### WHAT THE EXERCISE ASKS
From the line containing "Aquarelllavender Purple Flowers" through the last line of the material, copy every line exactly, both ends inclusive; do not copy pictures.
-- Opening Marker --
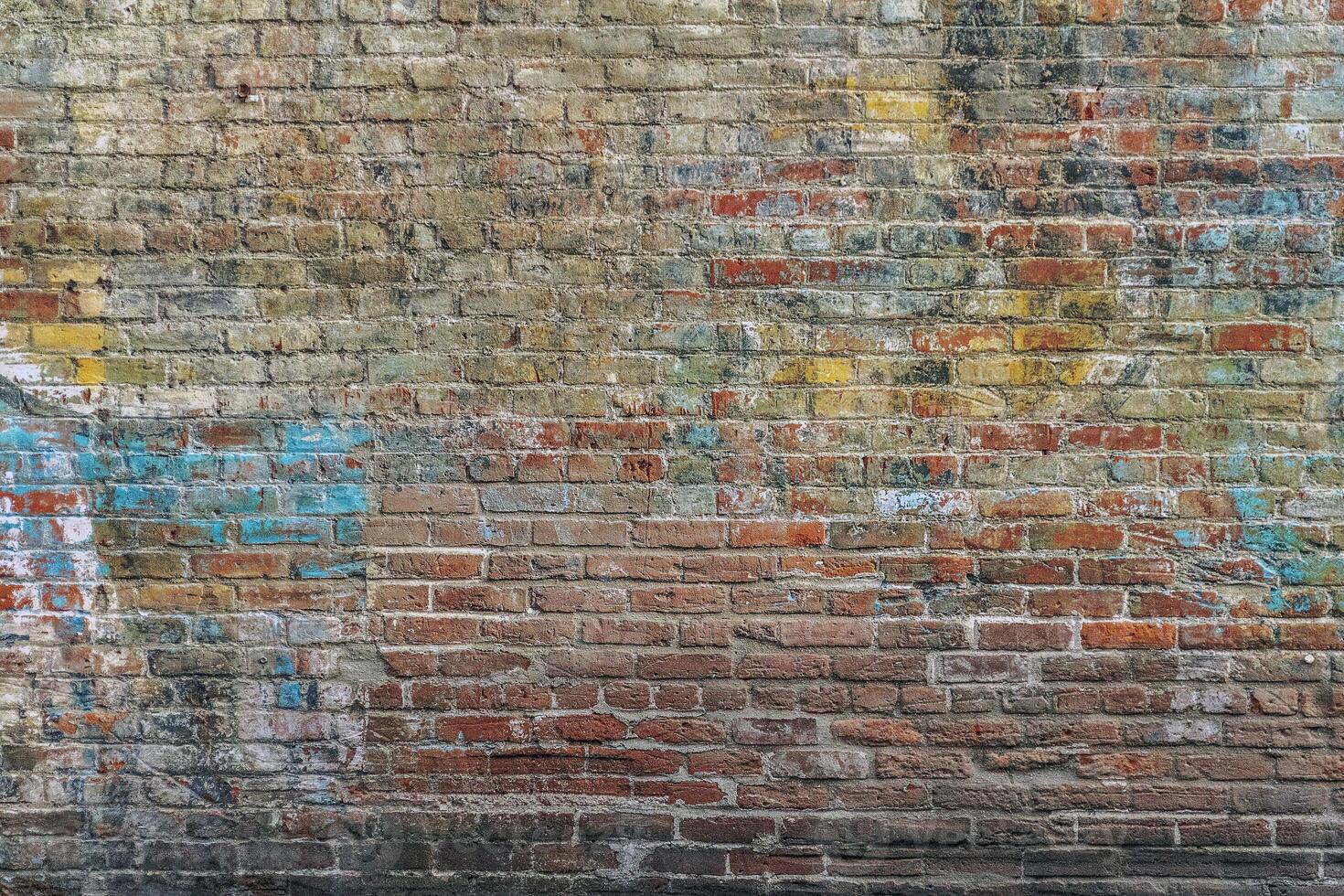 Brick wall pattern background, brick house walls texture photo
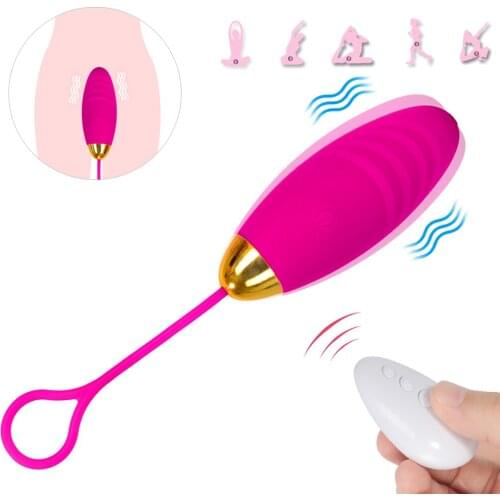 Vagina Balls Sex Toys for Woman Wireless Remote Control Clitoris Massage 10 Frequency Silicone Vibrating Eggs Adult Sex Products
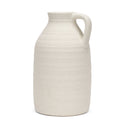 Tyrus Large Textured Matte White w Speckling Ceramic Vase - Default Title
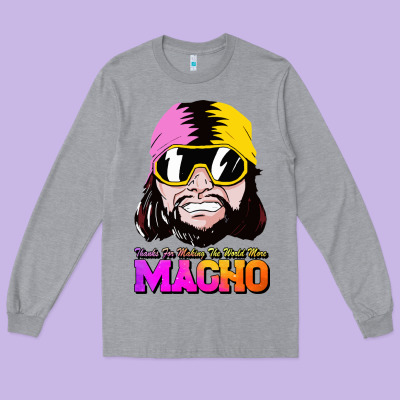Randy Wrestler Long Sleeve Tee Designed By Artisfamous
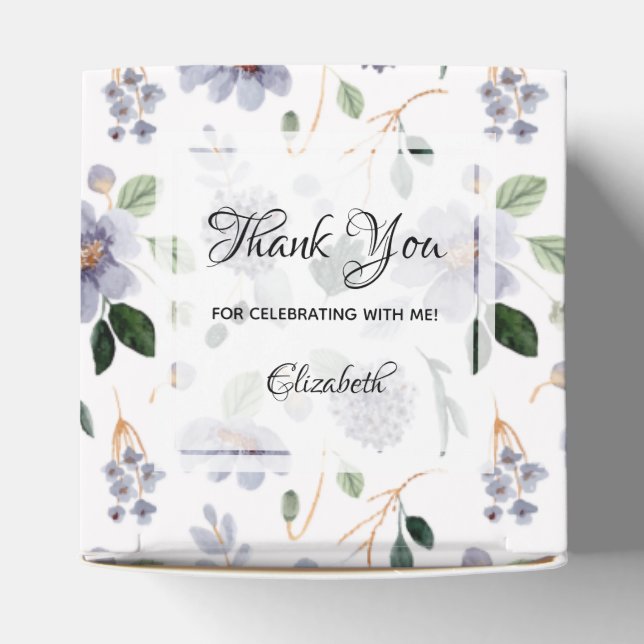 Aquarelllavender Purple Flowers Geschenkschachtel (Oben)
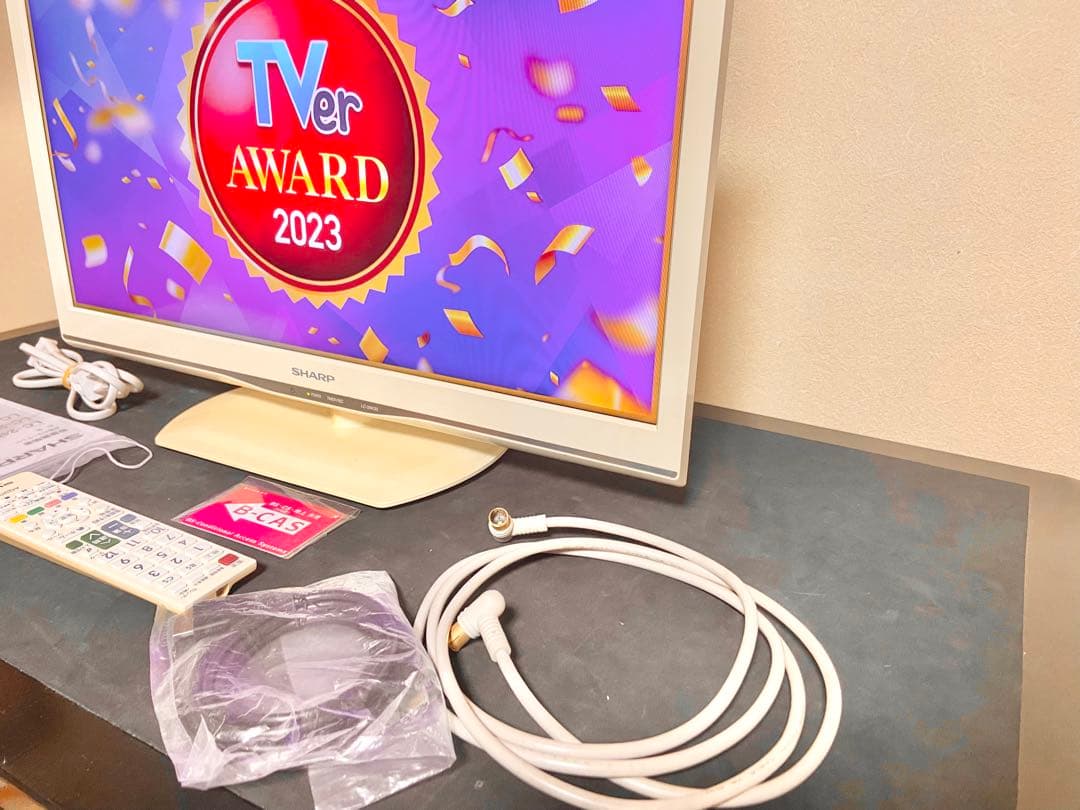 【すぐ使えます】シャープ AQUOS 24型液晶テレビ｜純正リモコン・説明書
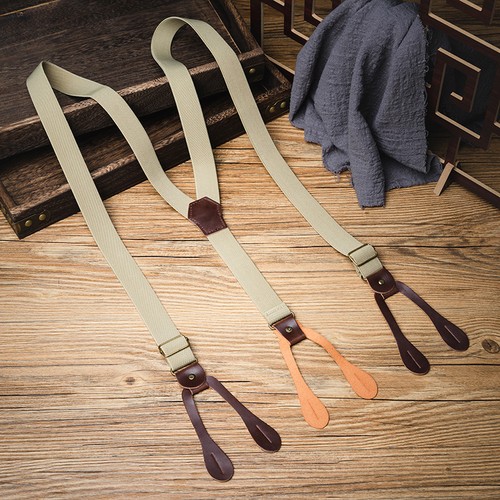 New vintage button braces - braces, back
-- Closing Marker --
### TASK RESULT
 Aquarelllavender Purple Flowers Geschenkschachtel (Oben)
 【すぐ使えます】シャープ AQUOS 24型液晶テレビ｜純正リモコン・説明書
 New vintage button braces - braces, back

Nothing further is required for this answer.